[SOLVED] How do I bypass appmenu (global menu) on a non-qt application?

Hello everyone! I’ve posted this issue on Reddit already, but we couldn’t figure out a solution.

The issue at hand: When using DaVinci Resolve (which comes as an AppImage installer officially from their website, or unofficially from AUR), there is a bug in the program that prevents it from forwarding its menu to any global menu widget. This means that I must disable “Application menus daemon” from System Settings → Startup and Shutdown → Background Services when I launch the application, so the menu displays within the window instead. This is inconvenient, because I use the Window AppMenu with basically every other application.

What I’m looking for: I want to bypass the global menu for this specific application alone, while keeping it working for everything else. This way, the menu is at least accessible from within the program window as opposed to not being available at all.

What I’ve tried: 1) using the env KDE_NO_GLOBAL_MENU=1 variable. Since the app isn’t Qt it doesn’t affect it. This works with stuff like dolphin, konsole, etc only.
2) using env DBUS_SESSION_BUS_ADDRESS=“” as suggested by a KDE contributor. This unfortunately didn’t work for either DaVinci or any other app I tried it with.
3) searching for a way to pause/resume the global menu daemon from the command line. Didn’t find any, since it doesn’t seem to be controlled by systemctl
4) checking qdbusviewer to see if I could find anything there, but I’m completely lost as to what anything there means, and it doesn’t seem to have any options to add exceptions for applications that I could see.
5) using the built in global-menu widget instead of Window AppMenu

I would love to insert screenshots to show it more graphically, but alas I can’t upload media or share links, I imagine because I’m new.

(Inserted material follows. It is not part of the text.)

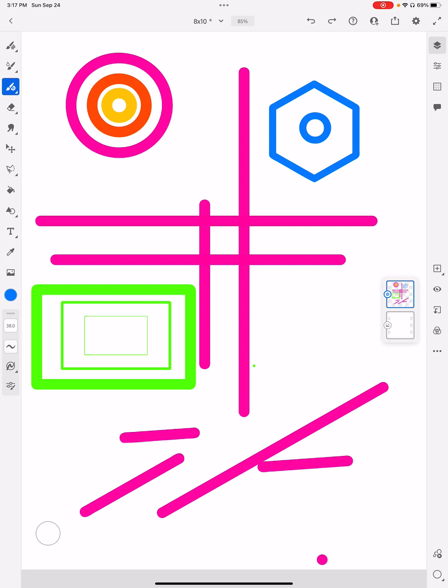We've got some shapes, we've got some lines, we know how to change our colors, but what are some of the other things that we can do? Well, just like most digital programs, we can copy, we can paste, we can cut, and we can select different things.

From my research, I’ve seen that this Application menus daemon is managed by KDE Daemon (kded5), and is called appmenu (from reading $HOME/.config/kded5rc). Surprisingly enough, I couldn’t find a way to pause/resume it from the terminal, just through the UI. This is really curious as I’m coming back to Linux from using Windows for work for a couple of years, and I remember one of the things that was so nice about Linux was that you could do most anything from the command line. How times change :smile:

Any help to allow me to automate the process of pausing the daemon just when launching this application and resuming it the rest of the time is appreciated. I’d be fine with either commands for the launcher, environment variables, or any other way to make an exception for this one program alone.

Thanks!

… just from reading about it:

you have seen this?

DaVinci Resolve - ArchWiki

or the whole thing, really

and this? - which seems to be a work around (without resorting to the command line):

Blackmagic Forum • View topic - Hidden menu with global menu on Linux KDE Plasma

There could also be differences in behaviour between AppImage versions and the “native” version that you get from installing it from AUR

Which one do you use?
AppImage?
… try the native one?

How timely. I just found a working solution! The command to enable/disable kded5 managed services is through a dbus manager, apparently. Reddit user Zajoe2 had the solution inside the recent reddit post “How do I stop KDE Plasma background services from a shell command?” (still can’t insert links :smile: )

With these commands I can enable/disable the appmenu daemon
Load module:
qdbus org.kde.kded5 /kded org.kde.kded5.loadModule "appmenu"
Unload module:
qdbus org.kde.kded5 /kded org.kde.kded5.unloadModule "appmenu"

I can modify the exec options in the program launcher to unload/reload the module as the program starts and finishes launching. I hope this can be of help to someone else in the future.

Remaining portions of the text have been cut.